### THE PROBLEM
From the first line of the listing below, retype each line up to and including the one with "Michael Kors Chronograph Ritz MK6357"; pictures stay out.

━━━━━━━━━━━━━━━━━━━━

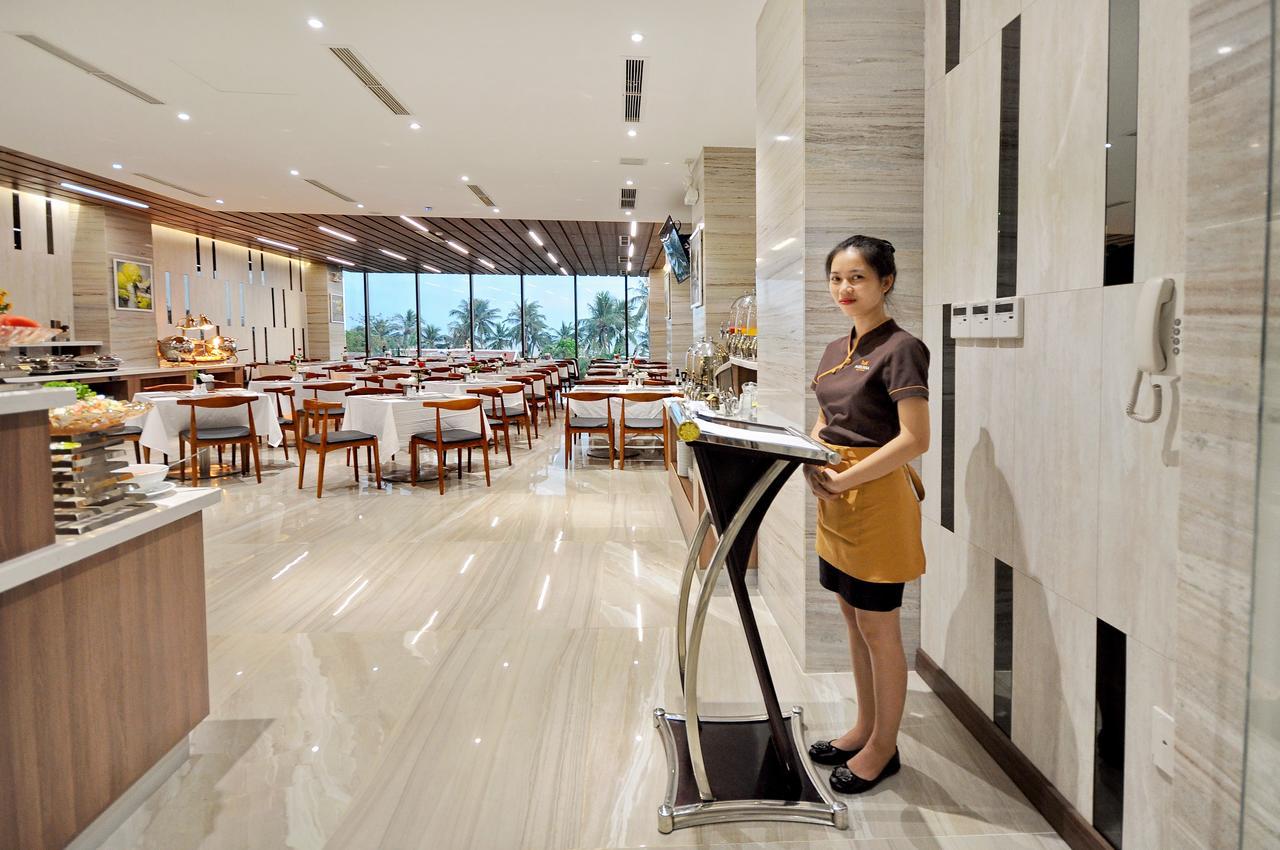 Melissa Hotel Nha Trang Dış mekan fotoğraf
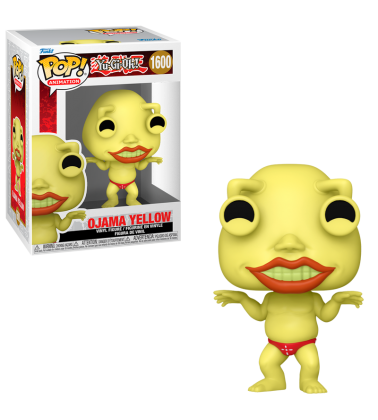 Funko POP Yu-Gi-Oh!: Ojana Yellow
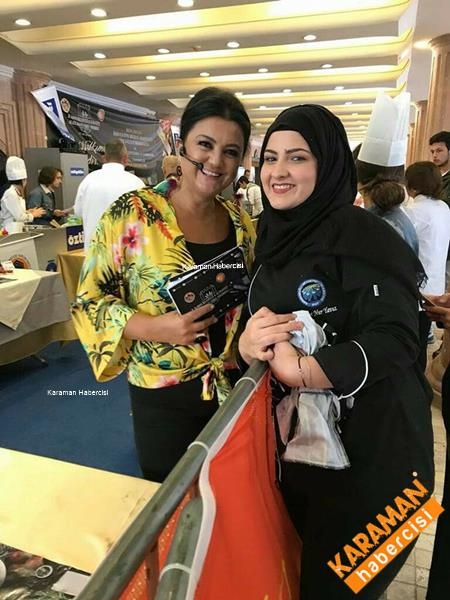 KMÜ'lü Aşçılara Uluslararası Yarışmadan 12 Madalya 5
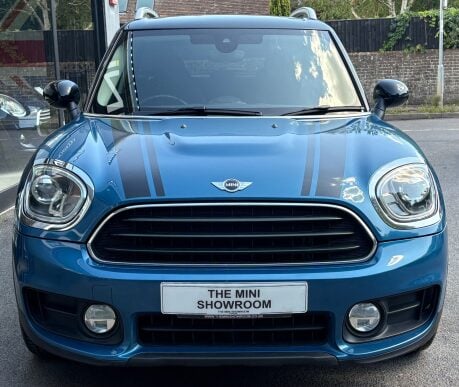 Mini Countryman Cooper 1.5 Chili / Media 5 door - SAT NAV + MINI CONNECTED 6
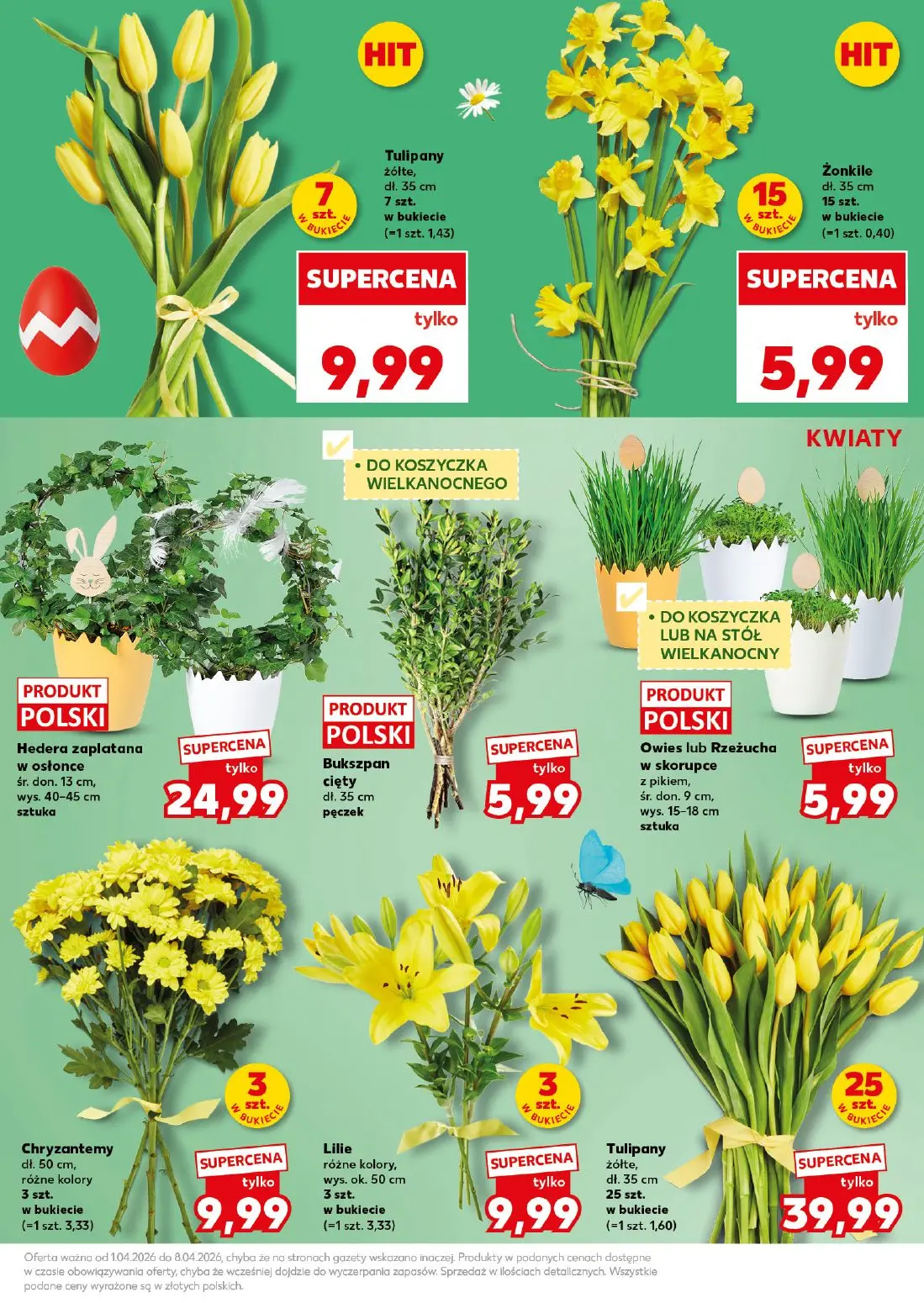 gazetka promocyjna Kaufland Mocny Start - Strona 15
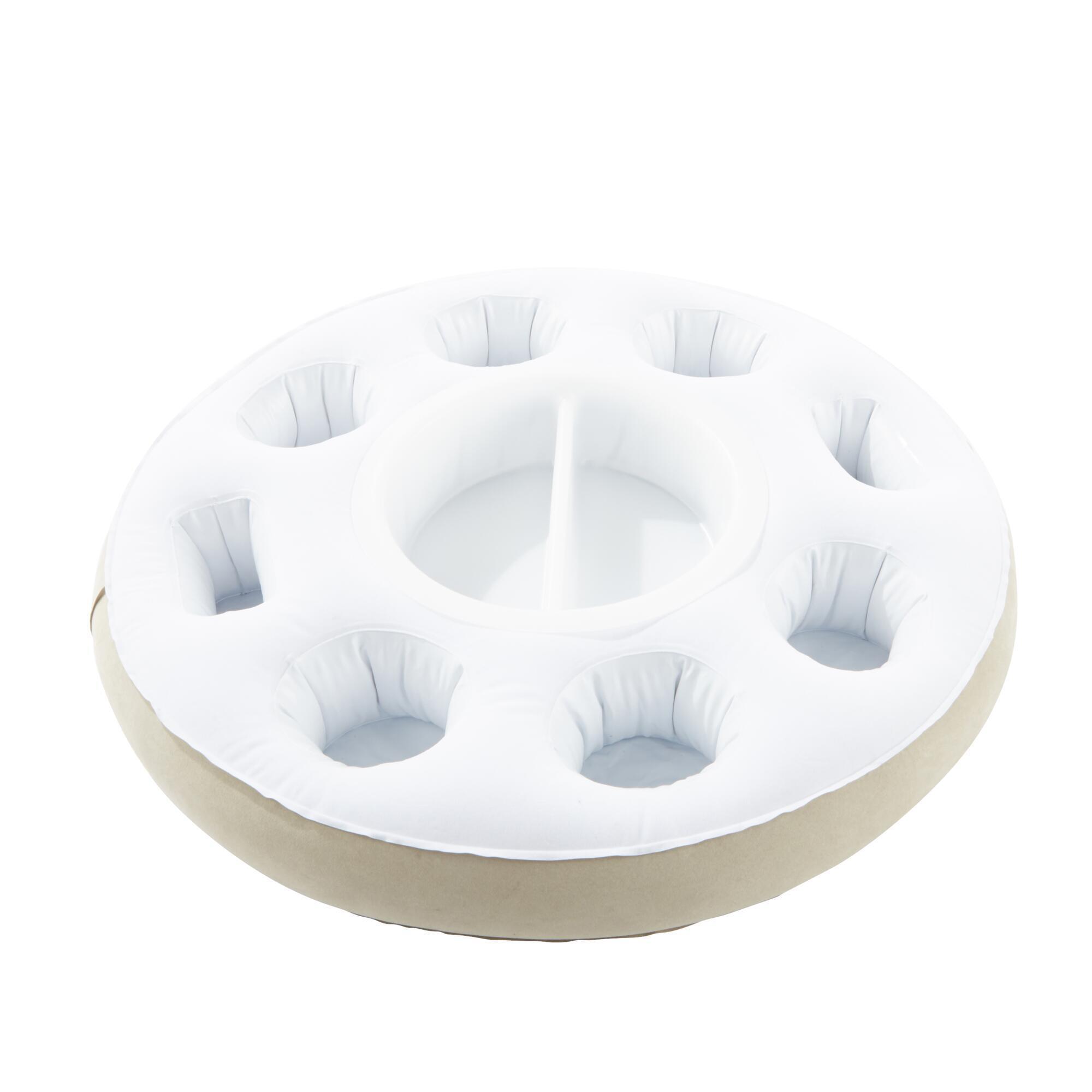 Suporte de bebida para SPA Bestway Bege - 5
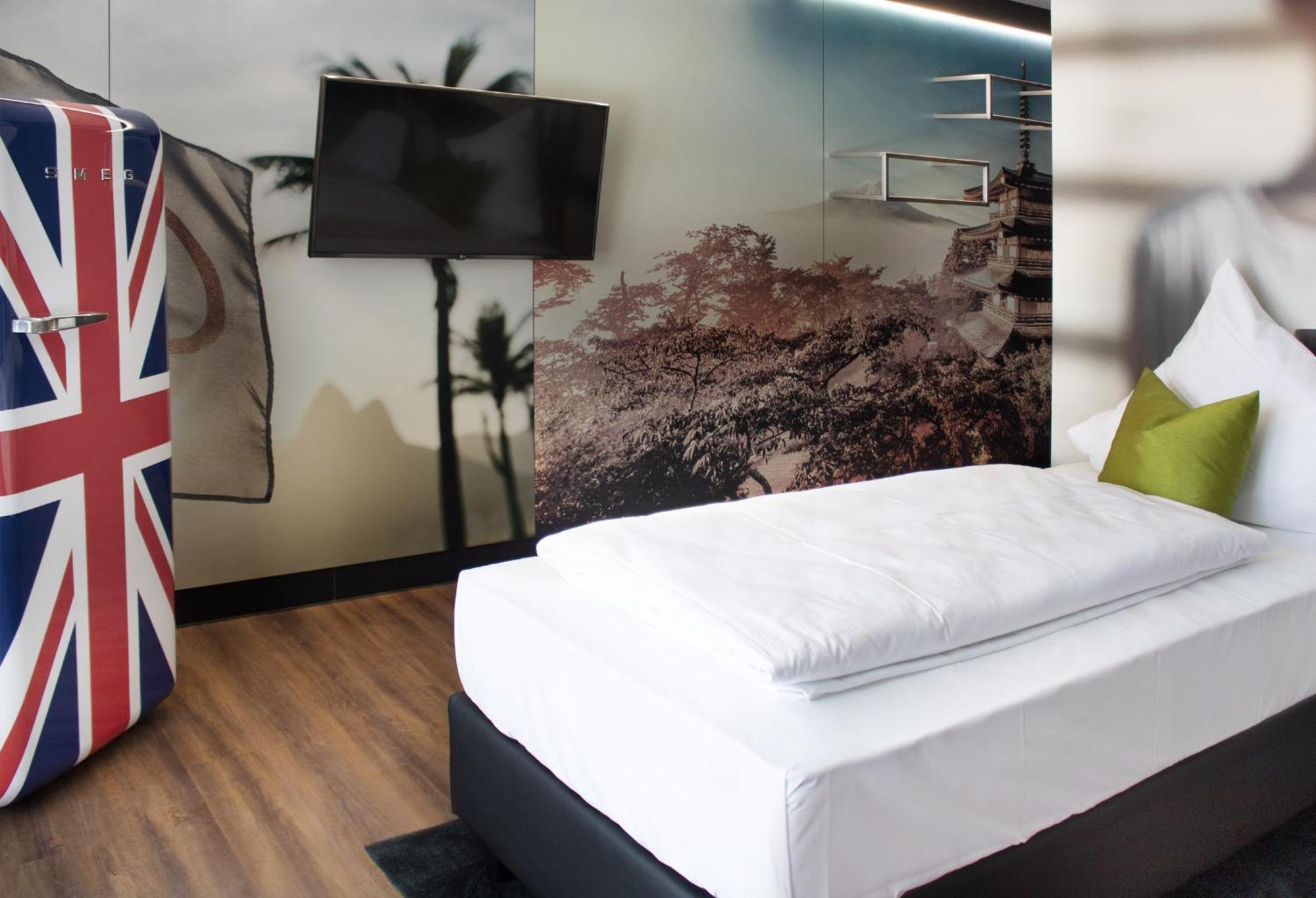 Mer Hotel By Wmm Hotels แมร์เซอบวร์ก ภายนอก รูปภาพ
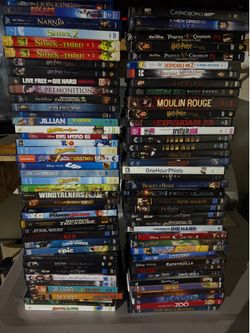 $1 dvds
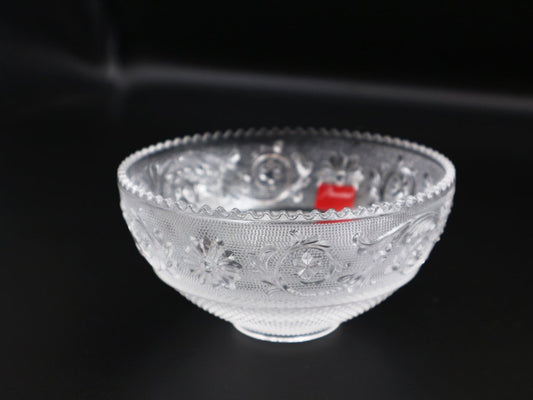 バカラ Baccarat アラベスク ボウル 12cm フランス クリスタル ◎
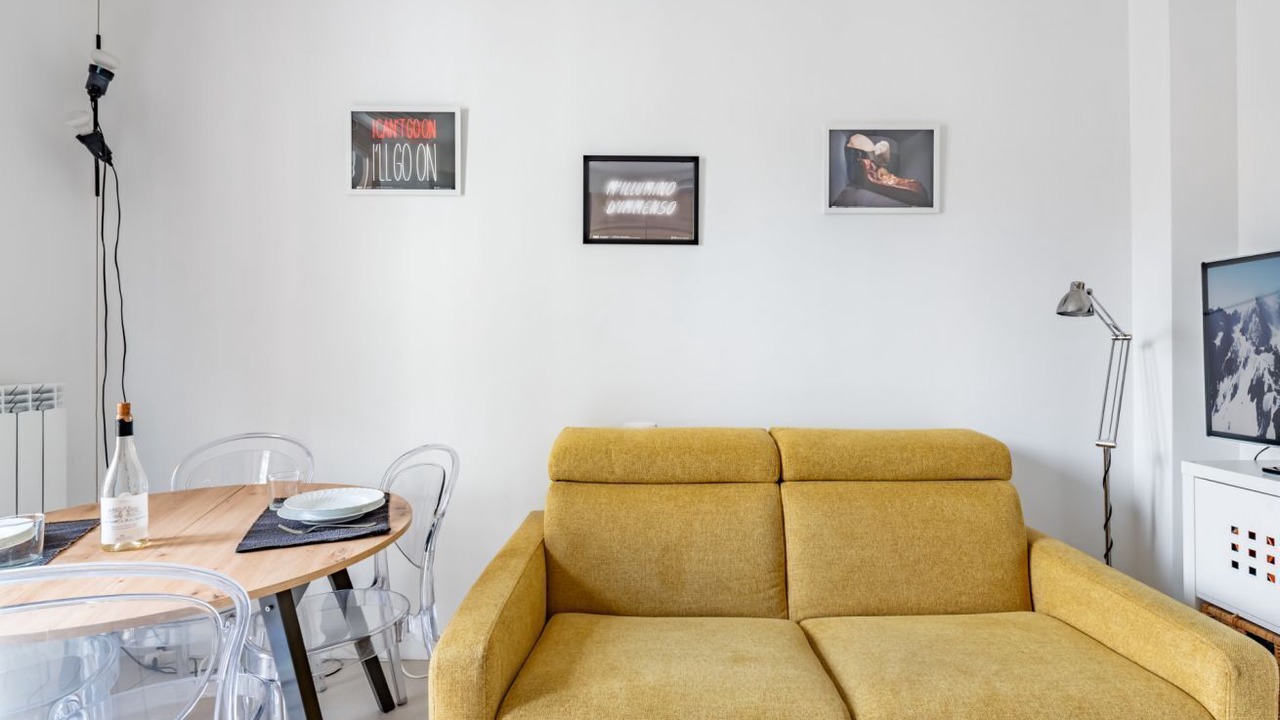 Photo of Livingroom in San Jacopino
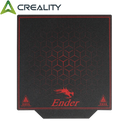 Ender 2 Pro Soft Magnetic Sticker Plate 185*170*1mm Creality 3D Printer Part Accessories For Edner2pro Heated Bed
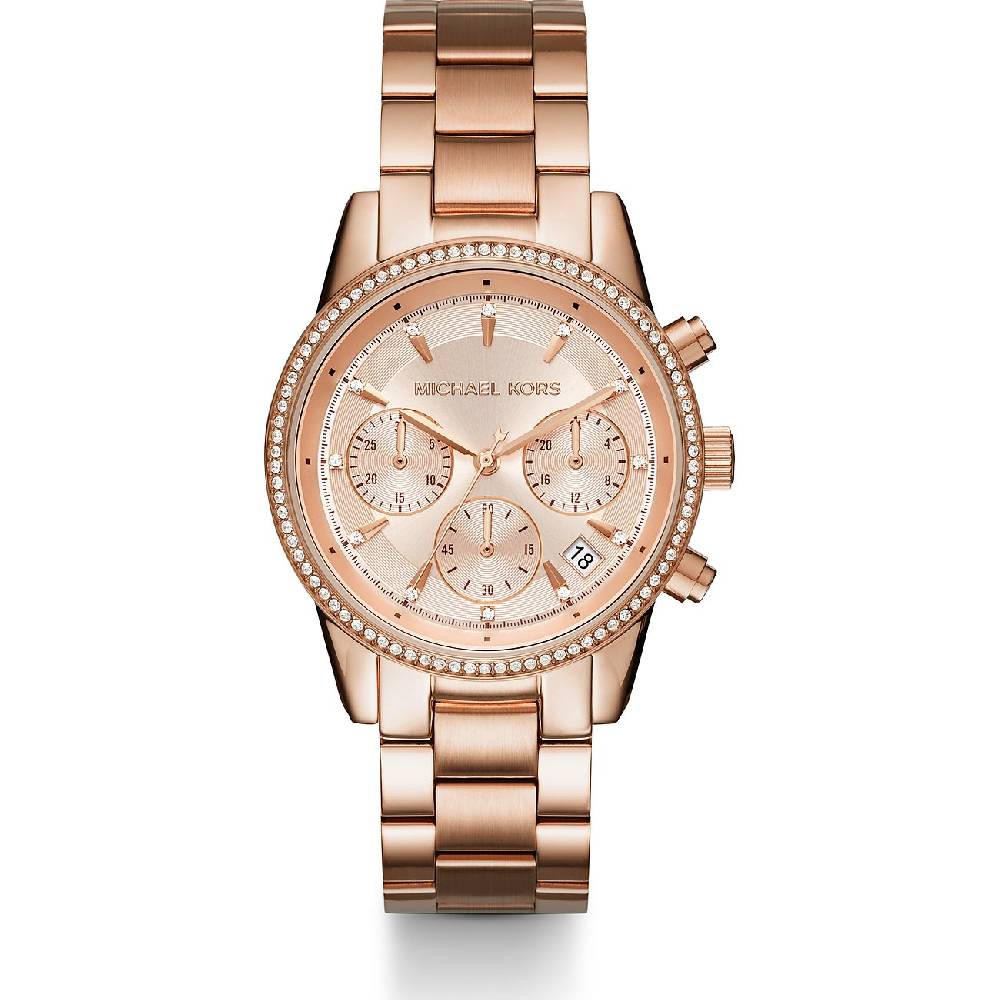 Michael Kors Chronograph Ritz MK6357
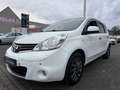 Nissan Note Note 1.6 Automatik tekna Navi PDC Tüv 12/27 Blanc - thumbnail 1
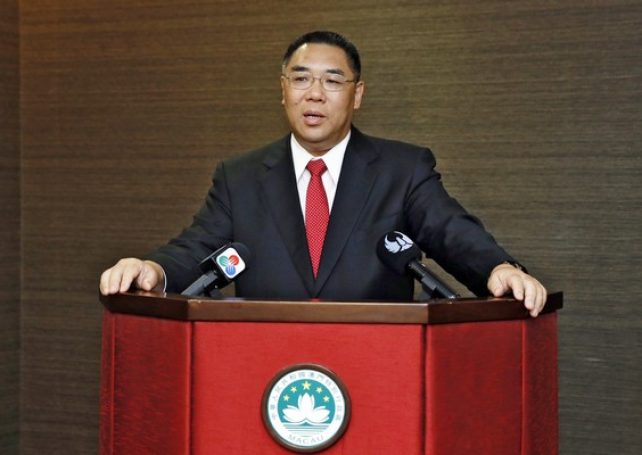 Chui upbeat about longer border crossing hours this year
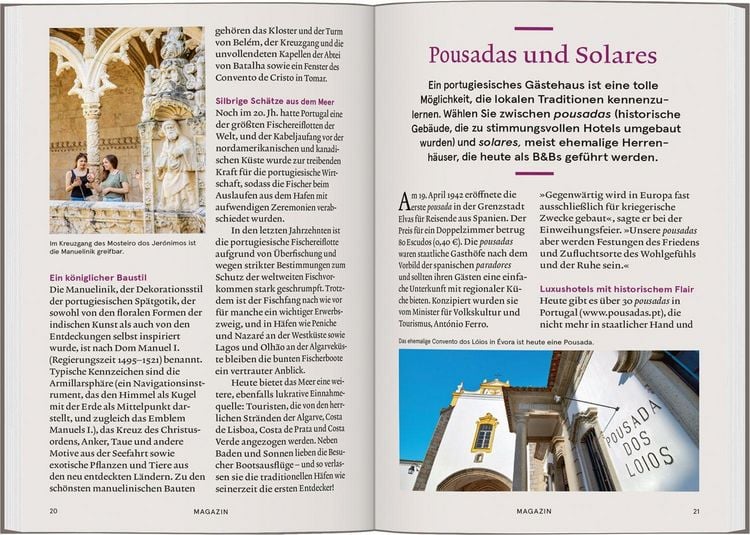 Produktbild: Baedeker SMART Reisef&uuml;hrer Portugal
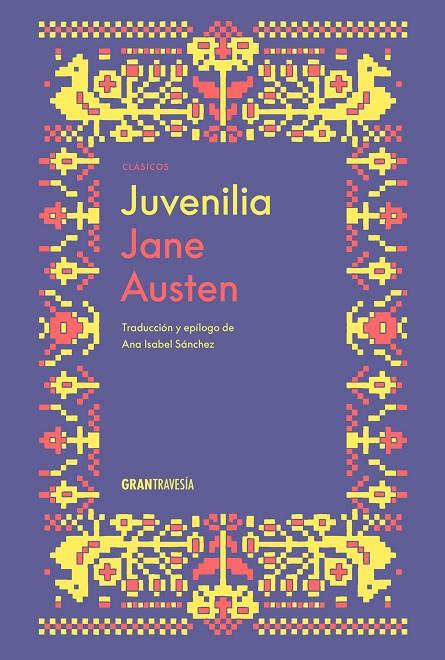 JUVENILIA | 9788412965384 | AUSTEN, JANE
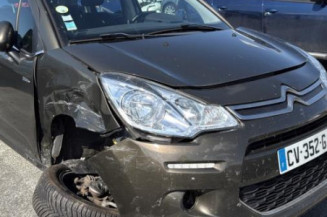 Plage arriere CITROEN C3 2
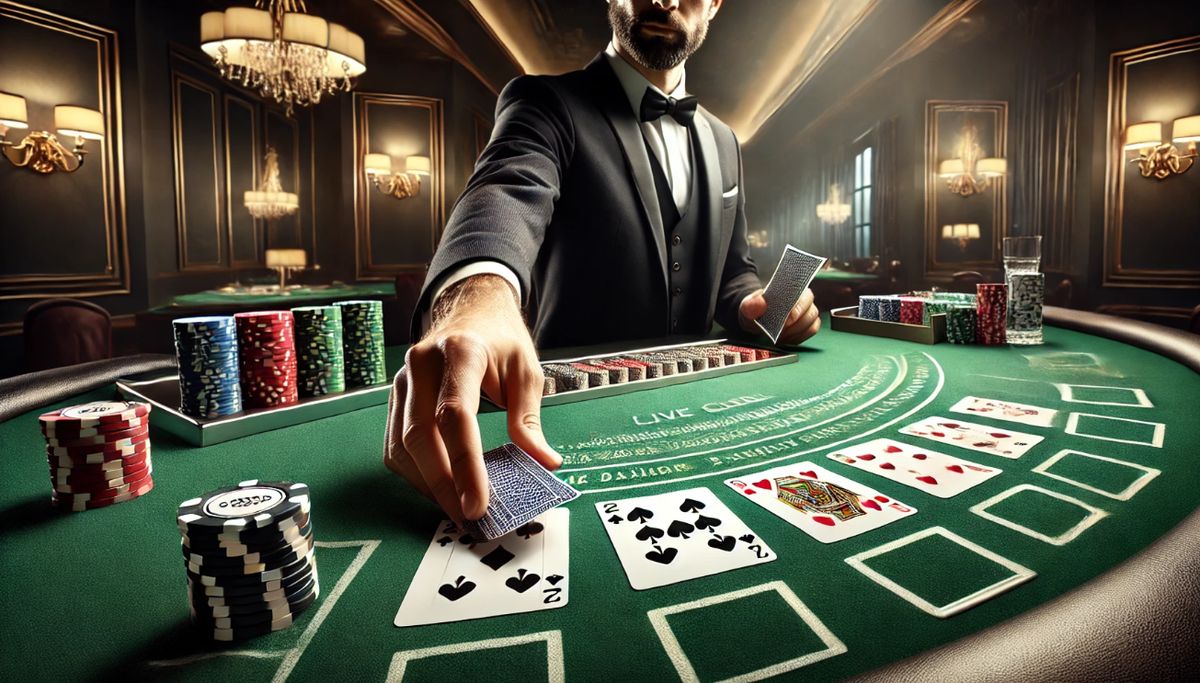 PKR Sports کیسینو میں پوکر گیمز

━━━━━━━━━━━━━━━━━━━━

### SOLUTION FOR THIS TASK
 Melissa Hotel Nha Trang Dış mekan fotoğraf
 Funko POP Yu-Gi-Oh!: Ojana Yellow
 KMÜ'lü Aşçılara Uluslararası Yarışmadan 12 Madalya 5
 Mini Countryman Cooper 1.5 Chili / Media 5 door - SAT NAV + MINI CONNECTED 6
 gazetka promocyjna Kaufland Mocny Start - Strona 15
 Suporte de bebida para SPA Bestway Bege - 5
 Mer Hotel By Wmm Hotels แมร์เซอบวร์ก ภายนอก รูปภาพ
 $1 dvds
 バカラ Baccarat アラベスク ボウル 12cm フランス クリスタル ◎
 Photo of Livingroom in San Jacopino
 Ender 2 Pro Soft Magnetic Sticker Plate 185*170*1mm Creality 3D Printer Part Accessories For Edner2pro Heated Bed
 Michael Kors Chronograph Ritz MK6357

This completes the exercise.